A sudden suspension of a community-focused work programme run by Belize’s Leadership Intervention Unit (LIU) has pushed more than 500 participants into immediate financial uncertainty, with many facing severe daily hardship, acting LIU director Andrew Dawson has confirmed.
In an interview with local outlet News 5, Dawson acknowledged the acute stress the pause has inflicted on the programme’s enrollees, noting that widespread uncertainty over access to basic needs has created palpable tension among affected groups. “It does create some tension as it relates to these individuals, not knowing where the other meal comes from,” he told reporters.

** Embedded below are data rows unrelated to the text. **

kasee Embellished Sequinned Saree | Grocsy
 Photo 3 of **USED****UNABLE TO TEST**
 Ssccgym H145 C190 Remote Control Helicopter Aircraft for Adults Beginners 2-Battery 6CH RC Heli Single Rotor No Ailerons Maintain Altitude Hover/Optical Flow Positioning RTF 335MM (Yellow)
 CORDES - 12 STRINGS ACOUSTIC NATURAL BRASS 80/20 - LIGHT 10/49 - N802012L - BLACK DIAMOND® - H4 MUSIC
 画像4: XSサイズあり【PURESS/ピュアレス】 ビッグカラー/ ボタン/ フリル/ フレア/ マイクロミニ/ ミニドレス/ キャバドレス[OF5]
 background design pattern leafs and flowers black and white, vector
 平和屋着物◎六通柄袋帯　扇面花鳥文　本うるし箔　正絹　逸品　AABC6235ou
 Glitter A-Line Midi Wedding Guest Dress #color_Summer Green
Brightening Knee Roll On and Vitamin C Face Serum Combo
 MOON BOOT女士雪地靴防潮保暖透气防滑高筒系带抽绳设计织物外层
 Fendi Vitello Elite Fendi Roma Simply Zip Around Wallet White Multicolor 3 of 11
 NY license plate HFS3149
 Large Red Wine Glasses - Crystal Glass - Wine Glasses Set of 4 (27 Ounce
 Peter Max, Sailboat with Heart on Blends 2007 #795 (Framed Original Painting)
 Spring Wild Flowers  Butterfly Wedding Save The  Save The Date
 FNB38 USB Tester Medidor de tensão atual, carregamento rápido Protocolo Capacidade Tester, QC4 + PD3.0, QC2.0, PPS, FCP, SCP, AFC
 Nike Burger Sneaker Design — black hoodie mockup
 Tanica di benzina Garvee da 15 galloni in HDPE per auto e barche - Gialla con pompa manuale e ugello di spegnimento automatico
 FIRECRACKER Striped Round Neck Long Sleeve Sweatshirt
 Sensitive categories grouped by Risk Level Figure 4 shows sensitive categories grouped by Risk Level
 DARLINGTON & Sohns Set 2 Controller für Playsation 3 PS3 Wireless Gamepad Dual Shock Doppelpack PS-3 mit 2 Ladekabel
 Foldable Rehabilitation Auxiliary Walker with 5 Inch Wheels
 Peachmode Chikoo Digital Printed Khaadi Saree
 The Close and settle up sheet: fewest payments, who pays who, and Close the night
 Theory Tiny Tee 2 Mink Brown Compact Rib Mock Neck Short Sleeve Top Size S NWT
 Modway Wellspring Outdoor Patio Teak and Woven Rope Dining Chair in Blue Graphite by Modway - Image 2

The suspension has reignited long-running public debate over the LIU programme’s purpose and implementation, prompting Dawson to push back against two pervasive criticisms of the initiative. First, he rejected the widespread claim that the programme exclusively serves people affiliated with gangs, emphasizing that it was designed to support a broad cross-section of vulnerable Belizean residents. This population, he clarified, includes low-income university students and unpaid office interns seeking stable work experience alongside at-risk community members.
Dawson also addressed a decades-long critique that frames the programme as a scheme that simply pays participants to avoid criminal activity, a characterization he called categorically inaccurate. “Let me put that on record. Since I’ve been at LIU and even with the previous director, we have never had an intention to say that we’re paying people to hold it down. It was a social protection programme,” he stated.
While Dawson openly admitted that the programme has fallen short in key areas, including accountability protocols and consistent work output from some participants, he emphasized that the initiative has delivered meaningful, life-changing positive results for a large share of enrollees. He argued that discarding the entire programme over the actions of a small uncooperative minority would be unfair to the many participants who have made significant progress toward reintegrating into mainstream society.
“What do you do? You dash away everyone. How about those who have made changes or those who have made strides to becoming better persons within their society? We can’t just get rid of those persons because of a handful who do not want to cooperate,” he argued.
Looking ahead, Dawson confirmed that LIU leadership is currently exploring alternative income-generating models for the programme, moving beyond its existing focus on community beautification projects. However, he stressed that a final decision on whether to restart the programme rests with higher-level government authorities, not LIU management.